Problem requirements >> Setting aside any pictures, reproduce the data exactly.

Data provided below:

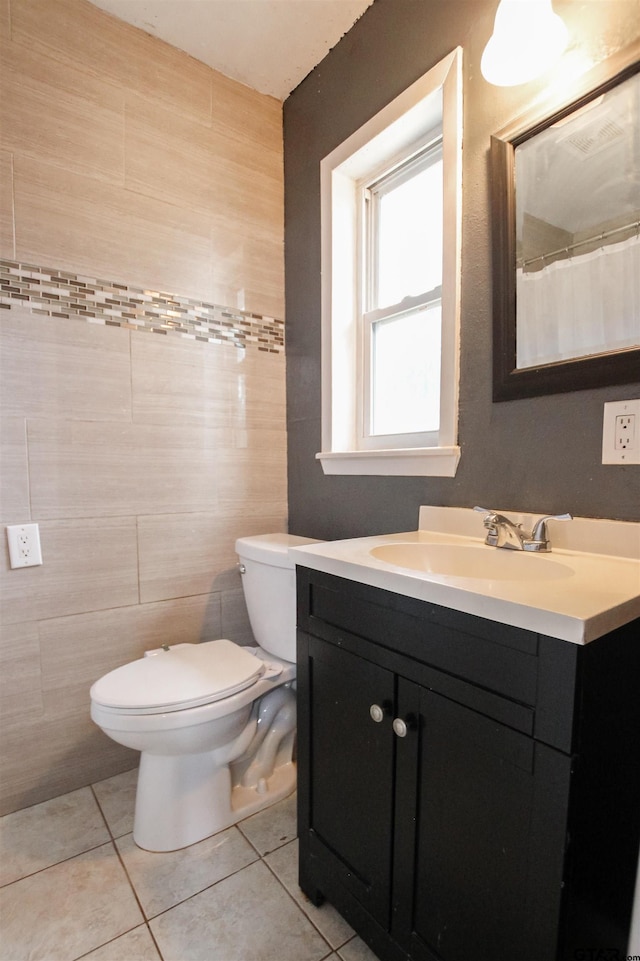 bathroom with tile patterned flooring, vanity, toilet, and tile walls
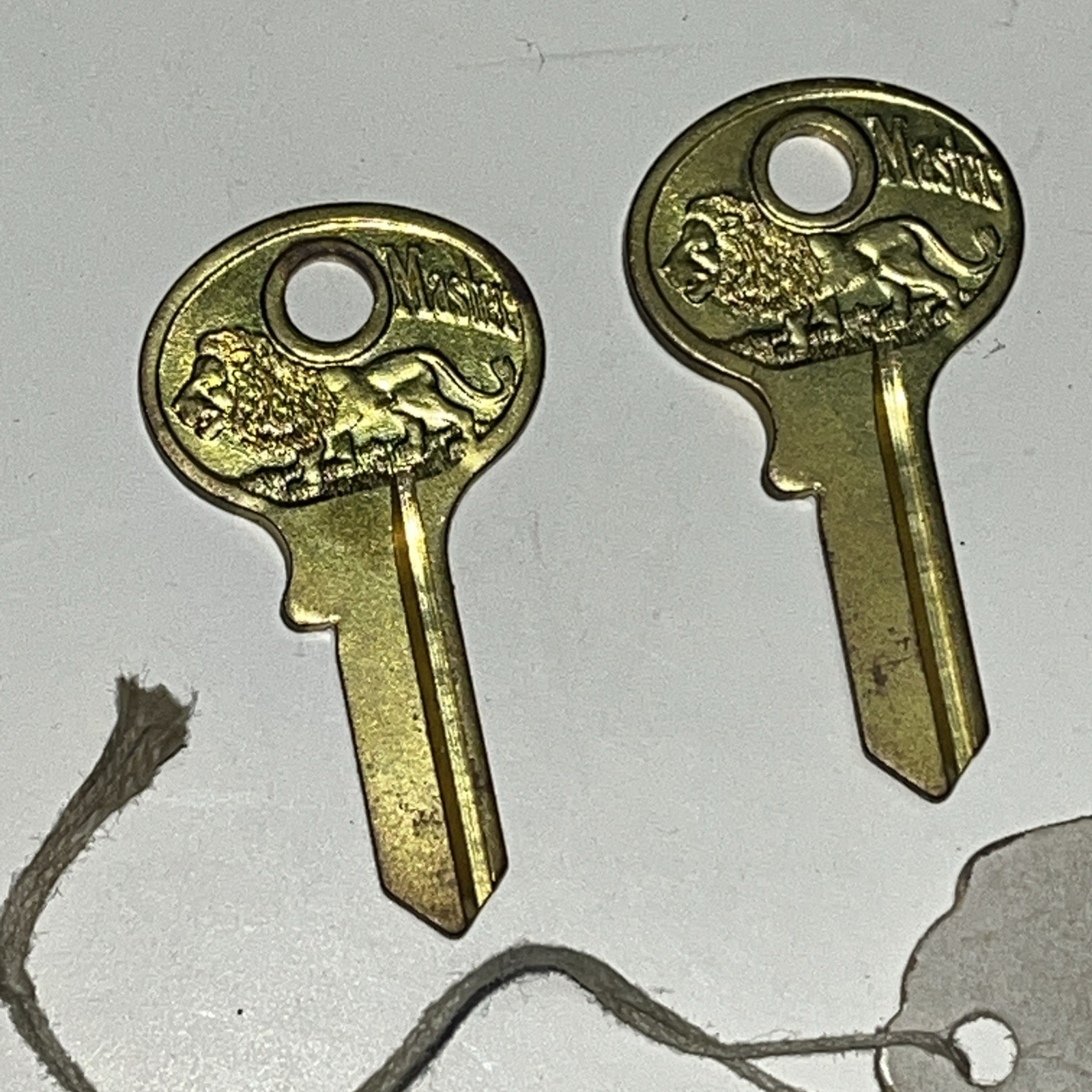 One Dozen Master Padlock Keys, Uncut, Blanks, All Brass, All Walking Lions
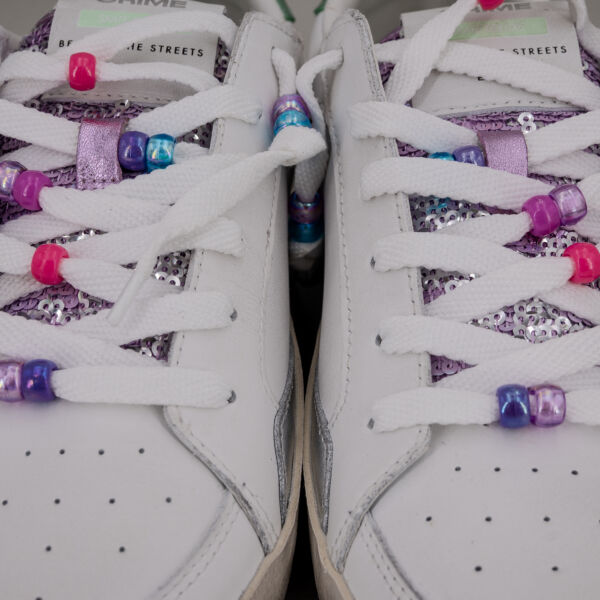 Crime London sk8 charms, in vera pelle colore bianco con dettagli laminato argento, paillettes lilla e lacci con perline.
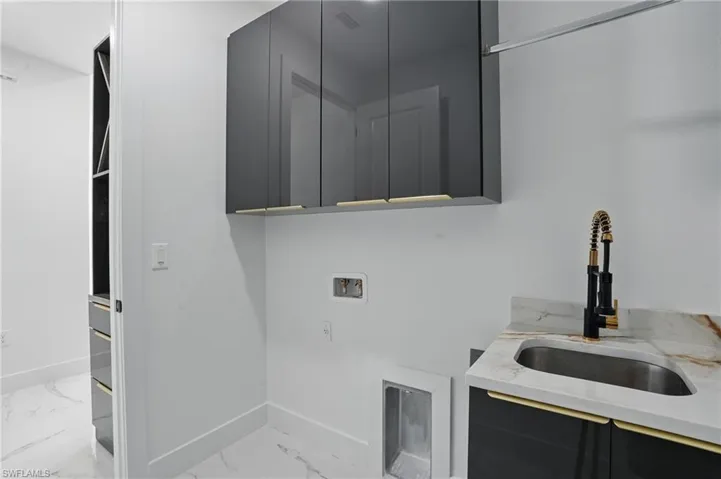 Washroom with cabinet space, washer hookup, light marble finish flooring, and baseboards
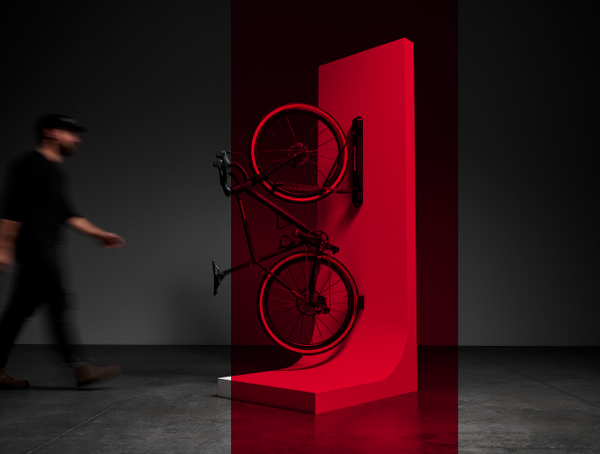 Bike on stand against a dark background with a person walking by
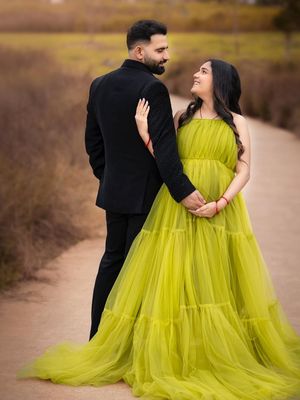 A couple in formal attire poses romantically on a path, with the woman wearing a flowing chartreuse tulle gown.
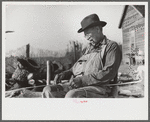 Mixed-breed Indian, white and Negro, near Pembroke Farms, making new chair seat. North Carolina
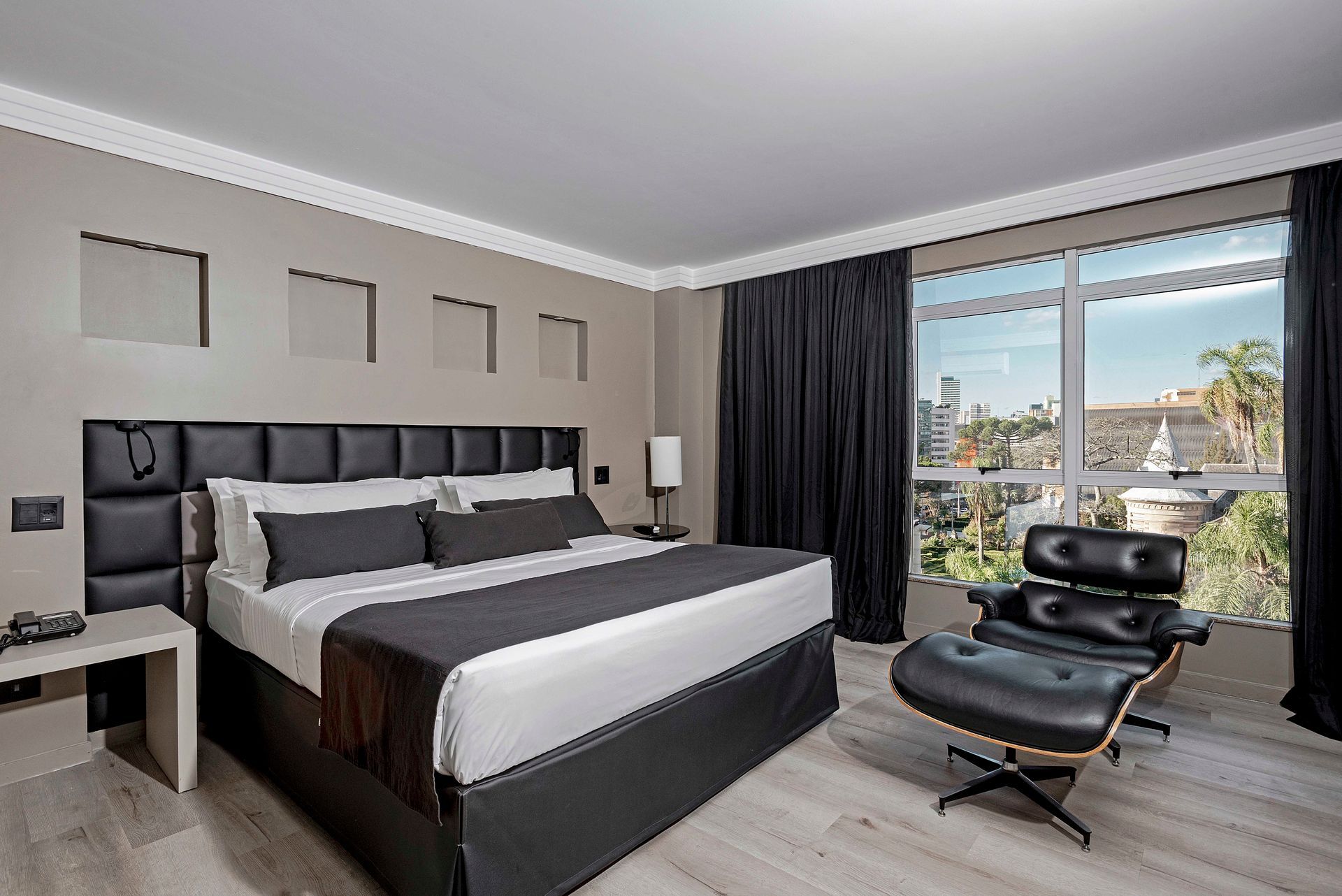 Quarto de hotel moderno com cama grande, poltrona preta e vista da cidade através de uma janela.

End of Data provided.

Answer to this task >>
 bathroom with tile patterned flooring, vanity, toilet, and tile walls
 One Dozen Master Padlock Keys, Uncut, Blanks, All Brass, All Walking Lions
 Crime London sk8 charms, in vera pelle colore bianco con dettagli laminato argento, paillettes lilla e lacci con perline.
 Washroom with cabinet space, washer hookup, light marble finish flooring, and baseboards
 Bike on stand against a dark background with a person walking by
 A couple in formal attire poses romantically on a path, with the woman wearing a flowing chartreuse tulle gown.
 Mixed-breed Indian, white and Negro, near Pembroke Farms, making new chair seat. North Carolina
 Quarto de hotel moderno com cama grande, poltrona preta e vista da cidade através de uma janela.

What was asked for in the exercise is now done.